A bill that would force the sale of TikTok by its Chinese owners or face a ban in the U.S. has been passed by the House of Representatives and will now head to the Senate.

TikTok's Biggest Challenge: The bill as it stands now, if passed by the Senate and signed by President Joe Biden, would give TikTok's parent company ByteDance five months to sell TikTok or have it removed from app stores across all formats, affecting around 150 million U.S. users.

There were 352 "yays" in favor of passing the bill, well in excess of the two-thirds majority (290 votes) needed to move the bill to the Senate.

If it comes to a ban, the government would likely have to order app stores operated by the likes of Apple Inc (AAPL  ) and Alphabet Inc (GOOG  ) (GOOGL  )'s Google to remove TikTok from their platforms.

Those who already have the app on their cellphones would still be able to use it - although they would no longer be able to receive updates, which would give the app a limited lifespan.
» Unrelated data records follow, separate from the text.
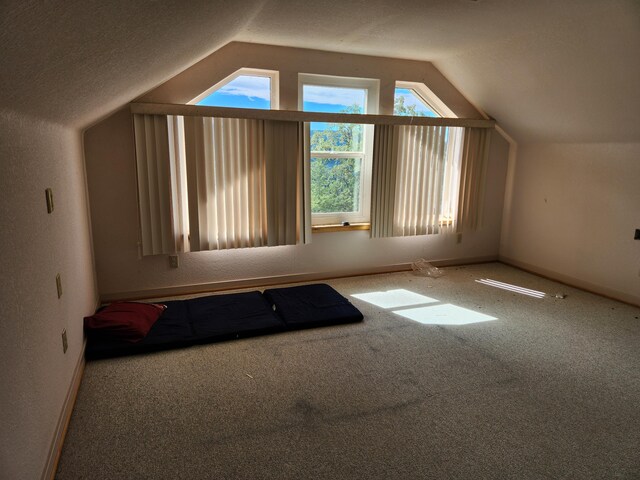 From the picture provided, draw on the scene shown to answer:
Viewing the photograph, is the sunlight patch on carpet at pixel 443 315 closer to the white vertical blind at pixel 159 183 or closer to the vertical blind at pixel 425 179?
the vertical blind at pixel 425 179

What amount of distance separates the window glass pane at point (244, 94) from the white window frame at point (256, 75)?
22mm

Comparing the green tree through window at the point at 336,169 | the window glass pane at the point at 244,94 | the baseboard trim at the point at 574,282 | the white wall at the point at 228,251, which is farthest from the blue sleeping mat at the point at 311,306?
the baseboard trim at the point at 574,282

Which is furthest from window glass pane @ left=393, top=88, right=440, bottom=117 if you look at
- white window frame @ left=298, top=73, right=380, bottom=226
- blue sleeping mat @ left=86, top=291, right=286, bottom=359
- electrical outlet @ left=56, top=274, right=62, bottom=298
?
electrical outlet @ left=56, top=274, right=62, bottom=298

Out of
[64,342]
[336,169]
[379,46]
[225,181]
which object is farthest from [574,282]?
[64,342]

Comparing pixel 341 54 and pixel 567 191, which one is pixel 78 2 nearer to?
pixel 341 54

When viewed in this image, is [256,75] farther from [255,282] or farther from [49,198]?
[49,198]

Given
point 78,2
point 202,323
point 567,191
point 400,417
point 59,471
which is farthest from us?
point 567,191

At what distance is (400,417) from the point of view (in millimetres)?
2061

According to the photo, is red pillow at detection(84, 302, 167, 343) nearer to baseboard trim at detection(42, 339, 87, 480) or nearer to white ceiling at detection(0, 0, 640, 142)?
baseboard trim at detection(42, 339, 87, 480)

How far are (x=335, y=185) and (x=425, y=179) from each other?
0.99 meters

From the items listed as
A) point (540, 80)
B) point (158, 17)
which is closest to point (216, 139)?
point (158, 17)

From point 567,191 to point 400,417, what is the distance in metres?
3.33

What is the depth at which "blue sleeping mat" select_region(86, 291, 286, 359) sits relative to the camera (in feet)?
8.75

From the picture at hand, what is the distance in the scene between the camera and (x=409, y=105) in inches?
169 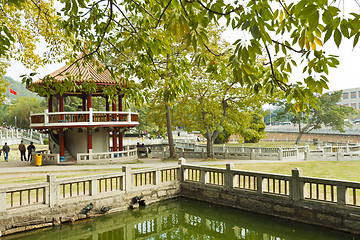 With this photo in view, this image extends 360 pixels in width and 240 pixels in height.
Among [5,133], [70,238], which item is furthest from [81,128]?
[5,133]

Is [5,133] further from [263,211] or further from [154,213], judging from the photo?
[263,211]

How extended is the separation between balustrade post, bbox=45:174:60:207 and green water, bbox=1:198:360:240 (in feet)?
2.99

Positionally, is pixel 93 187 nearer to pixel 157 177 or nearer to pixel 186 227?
pixel 157 177

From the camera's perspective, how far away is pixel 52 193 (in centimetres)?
1052

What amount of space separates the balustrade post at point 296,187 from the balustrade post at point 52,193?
8.39 m

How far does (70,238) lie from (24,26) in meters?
13.1

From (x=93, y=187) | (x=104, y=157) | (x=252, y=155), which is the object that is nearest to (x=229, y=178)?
(x=93, y=187)

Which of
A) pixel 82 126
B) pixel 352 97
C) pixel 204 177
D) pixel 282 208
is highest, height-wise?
pixel 352 97

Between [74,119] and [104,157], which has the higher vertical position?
[74,119]

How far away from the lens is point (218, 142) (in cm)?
4784

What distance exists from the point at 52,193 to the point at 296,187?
861 cm

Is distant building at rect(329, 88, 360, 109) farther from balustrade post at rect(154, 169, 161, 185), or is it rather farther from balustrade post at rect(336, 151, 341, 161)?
balustrade post at rect(154, 169, 161, 185)

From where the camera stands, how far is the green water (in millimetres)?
9680

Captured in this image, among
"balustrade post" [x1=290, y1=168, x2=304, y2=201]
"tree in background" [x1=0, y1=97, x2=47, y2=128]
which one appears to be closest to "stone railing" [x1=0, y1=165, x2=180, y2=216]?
"balustrade post" [x1=290, y1=168, x2=304, y2=201] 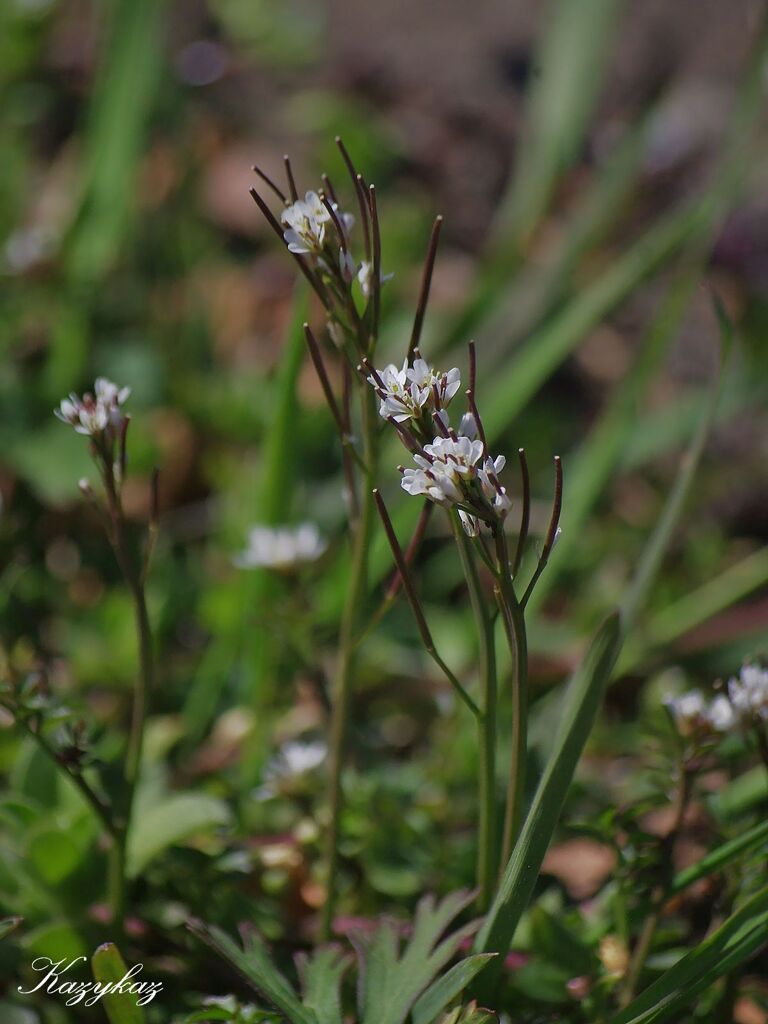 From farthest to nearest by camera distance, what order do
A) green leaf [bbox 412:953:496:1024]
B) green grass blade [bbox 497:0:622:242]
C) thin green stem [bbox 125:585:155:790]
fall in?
1. green grass blade [bbox 497:0:622:242]
2. thin green stem [bbox 125:585:155:790]
3. green leaf [bbox 412:953:496:1024]

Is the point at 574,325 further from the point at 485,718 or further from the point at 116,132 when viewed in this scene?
the point at 116,132

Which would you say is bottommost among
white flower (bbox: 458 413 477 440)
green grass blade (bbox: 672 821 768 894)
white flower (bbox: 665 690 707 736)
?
green grass blade (bbox: 672 821 768 894)

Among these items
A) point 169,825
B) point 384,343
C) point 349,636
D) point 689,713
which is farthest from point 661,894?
point 384,343

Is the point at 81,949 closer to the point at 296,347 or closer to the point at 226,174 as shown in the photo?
the point at 296,347

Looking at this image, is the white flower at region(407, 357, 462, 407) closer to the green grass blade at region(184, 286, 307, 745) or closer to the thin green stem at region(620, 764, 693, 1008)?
the thin green stem at region(620, 764, 693, 1008)

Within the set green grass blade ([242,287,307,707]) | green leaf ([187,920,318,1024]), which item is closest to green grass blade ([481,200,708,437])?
green grass blade ([242,287,307,707])

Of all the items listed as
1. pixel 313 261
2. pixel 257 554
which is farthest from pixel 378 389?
pixel 257 554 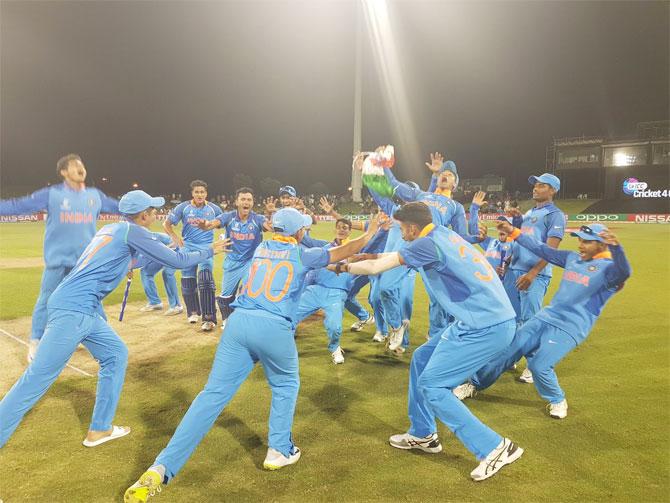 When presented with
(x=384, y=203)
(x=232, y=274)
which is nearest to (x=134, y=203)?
(x=232, y=274)

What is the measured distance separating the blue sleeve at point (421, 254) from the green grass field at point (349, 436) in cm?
178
In its defense, ByteDance has said U.S. data is not shared with the Chinese government. It claims that its "Project Texas," a $1.5-billion initiative by TikTok, provided a security wall that protects U.S. data.

This, however, was found in a January Wall Street Journal investigation to have limitations.

Nevertheless, TikTok has said that it would appeal the bill, if passed, before it would consider any kind of divestiture from ByteDance, according to a Bloomberg report citing people familiar with the matter.

TikTok Caught In 'Cold War'? The vote was hotly contested. Senior Republicans argued that TikTok, owned by Chinese internet technology group ByteDance, represents a threat to national security, while opposition from many Democrats suggested the greater risk was to free speech.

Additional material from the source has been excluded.